AVAILABLE DATA —
= Beginning of Section =

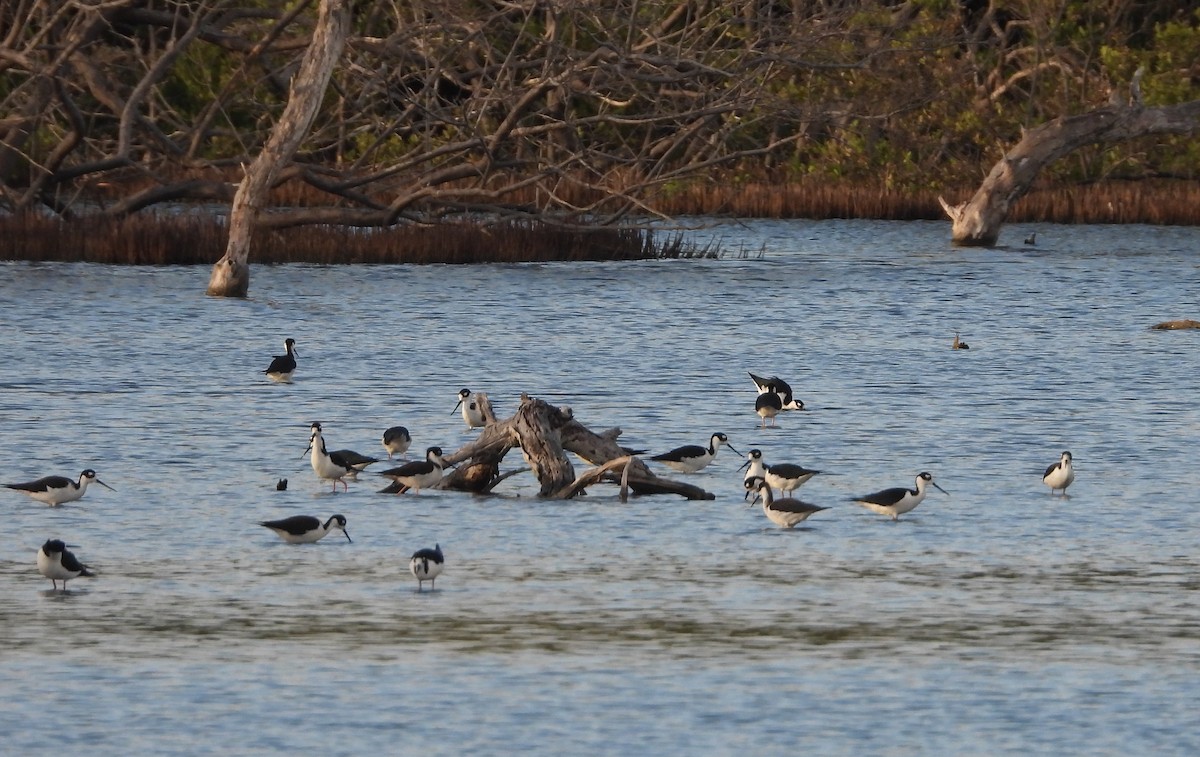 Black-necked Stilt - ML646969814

= End of Section =
= Beginning of Section =

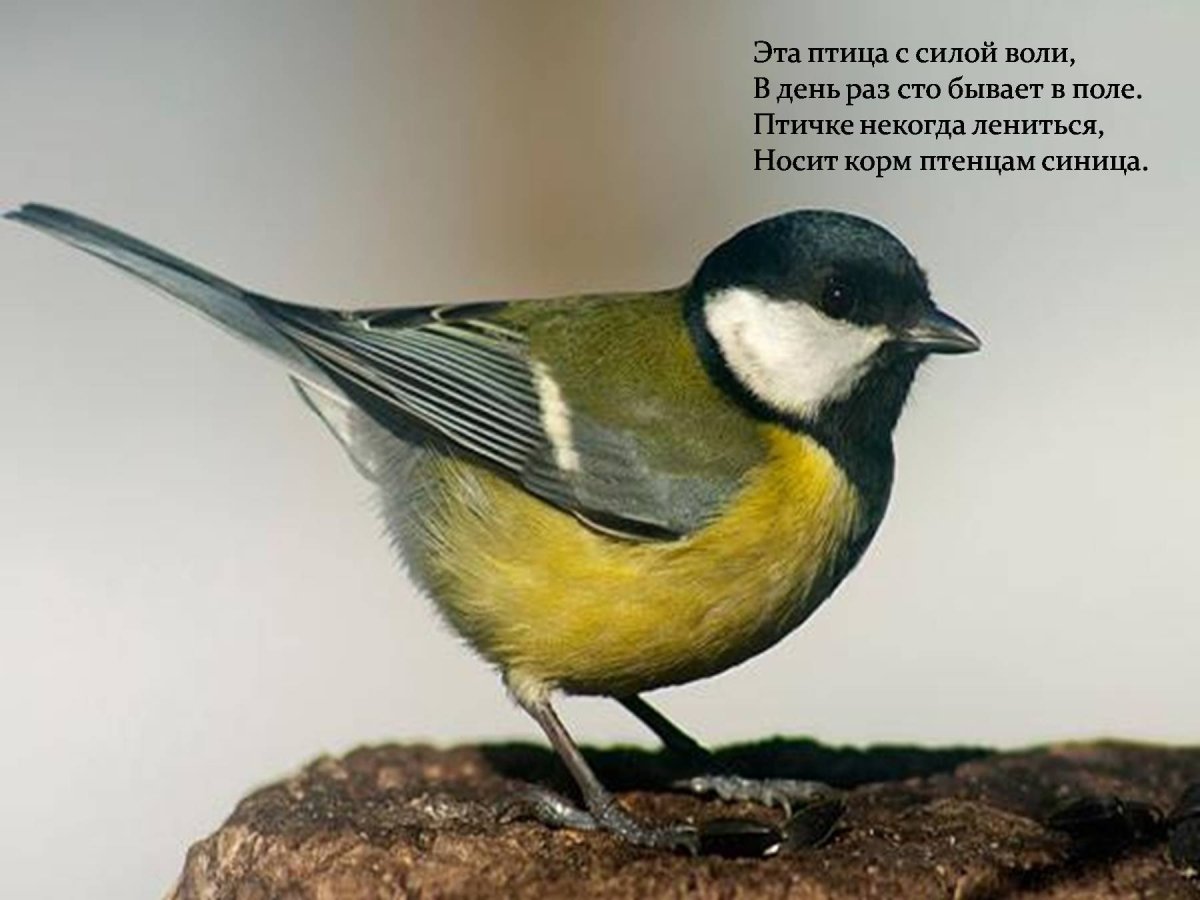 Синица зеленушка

= End of Section =
= Beginning of Section =

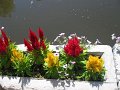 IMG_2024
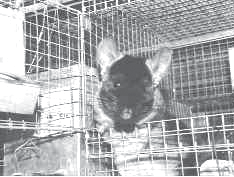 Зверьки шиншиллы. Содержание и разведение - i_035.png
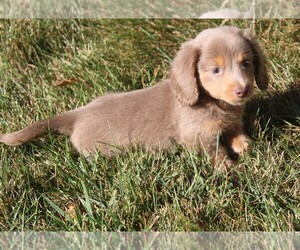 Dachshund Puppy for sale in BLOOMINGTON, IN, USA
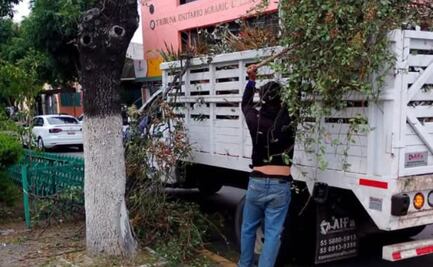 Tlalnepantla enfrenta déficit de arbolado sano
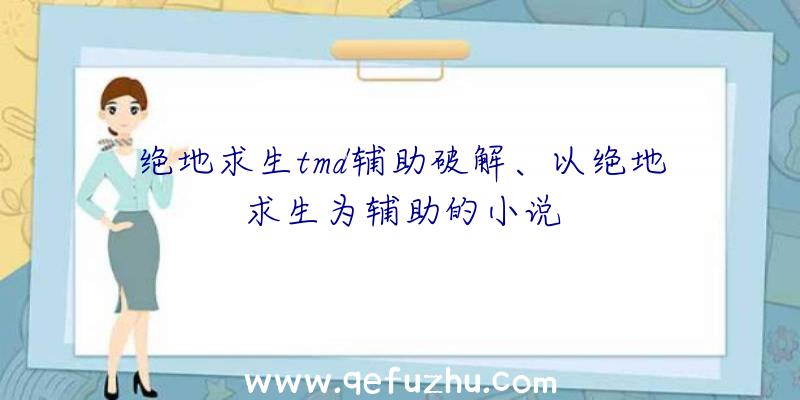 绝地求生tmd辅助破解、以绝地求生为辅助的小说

= End of Section =

WORK TO BE COMPLETED — Although pictures appear among the records above, write out exactly only the lines from the one that has "Dachshund Puppy for" through the one that has "绝地求生tmd辅助破解、以绝地求生为辅助的小说", and leave the pictures out.

EXERCISE SOLUTION —
 Dachshund Puppy for sale in BLOOMINGTON, IN, USA
 Tlalnepantla enfrenta déficit de arbolado sano
 绝地求生tmd辅助破解、以绝地求生为辅助的小说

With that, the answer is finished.